Items from a data source
Start of Block
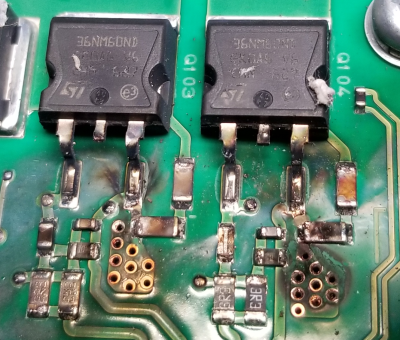 Burnt board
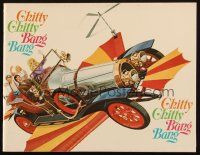 1y345 CHITTY CHITTY BANG BANG souvenir program book '69 Dick Van Dyke, cool flying car artwork!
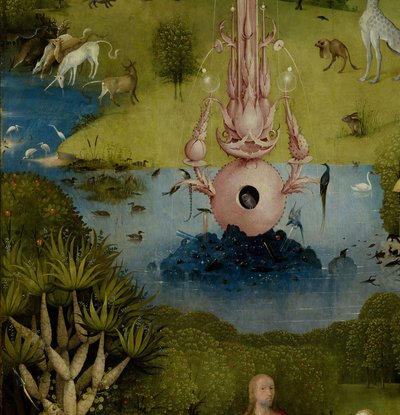 Zahrada pozemských rozkoší, 1490-1500 od Hieronymus Bosch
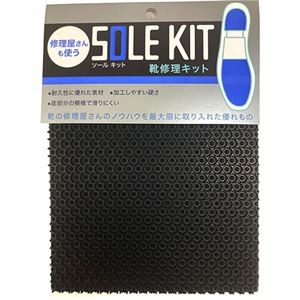 【5セット】 TOKYO ロイヤルリビング K.K ソールキット AGシート ブラック royalliving12104X5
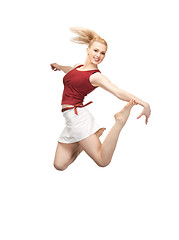 Image showing jumping sporty girl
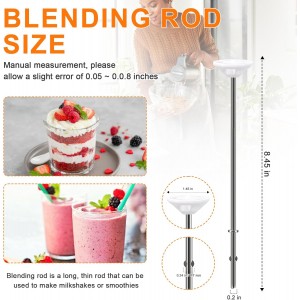 Hand Mixer Beaters Attachments for Kitchenaid Whisk, Beater, Dough Hook, Blending Rod, Stainless Steel Hand Mixers Blender Accessories for Kitchenaid KHM3 KHM5 KHM7 KHM9 KHM926 KHM512-6PCS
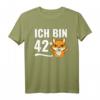 Lustiges 43. Geburtstag T-Shirt mit Fuchs und Mittelfinger - Witziges Geschenk für Geburtstagskinder, Humorvolles Outfit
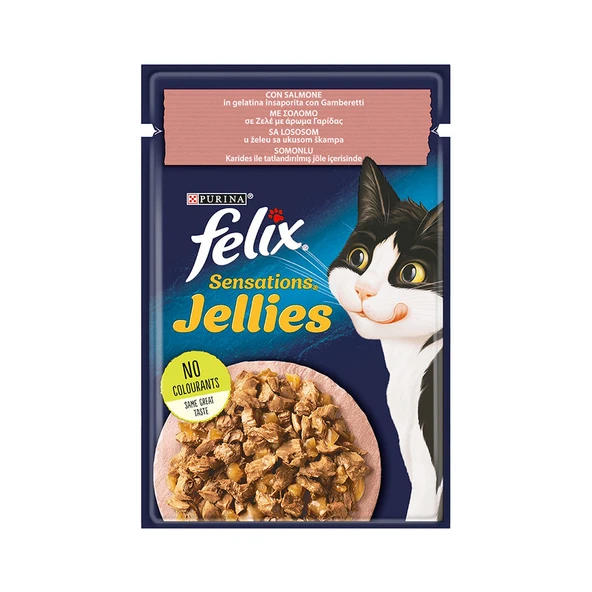 Felix Sensation Somon & Karidesli Kedi Yaş Mama 85 Gr - 1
End of Block
Prompt —
All of the entries above should be duplicated exactly, except for the pictures.

The answer —
 Burnt board
 1y345 CHITTY CHITTY BANG BANG souvenir program book '69 Dick Van Dyke, cool flying car artwork!
 Zahrada pozemských rozkoší, 1490-1500 od Hieronymus Bosch
 【5セット】 TOKYO ロイヤルリビング K.K ソールキット AGシート ブラック royalliving12104X5
 Image showing jumping sporty girl
 Hand Mixer Beaters Attachments for Kitchenaid Whisk, Beater, Dough Hook, Blending Rod, Stainless Steel Hand Mixers Blender Accessories for Kitchenaid KHM3 KHM5 KHM7 KHM9 KHM926 KHM512-6PCS
 Lustiges 43. Geburtstag T-Shirt mit Fuchs und Mittelfinger - Witziges Geschenk für Geburtstagskinder, Humorvolles Outfit
 Felix Sensation Somon & Karidesli Kedi Yaş Mama 85 Gr - 1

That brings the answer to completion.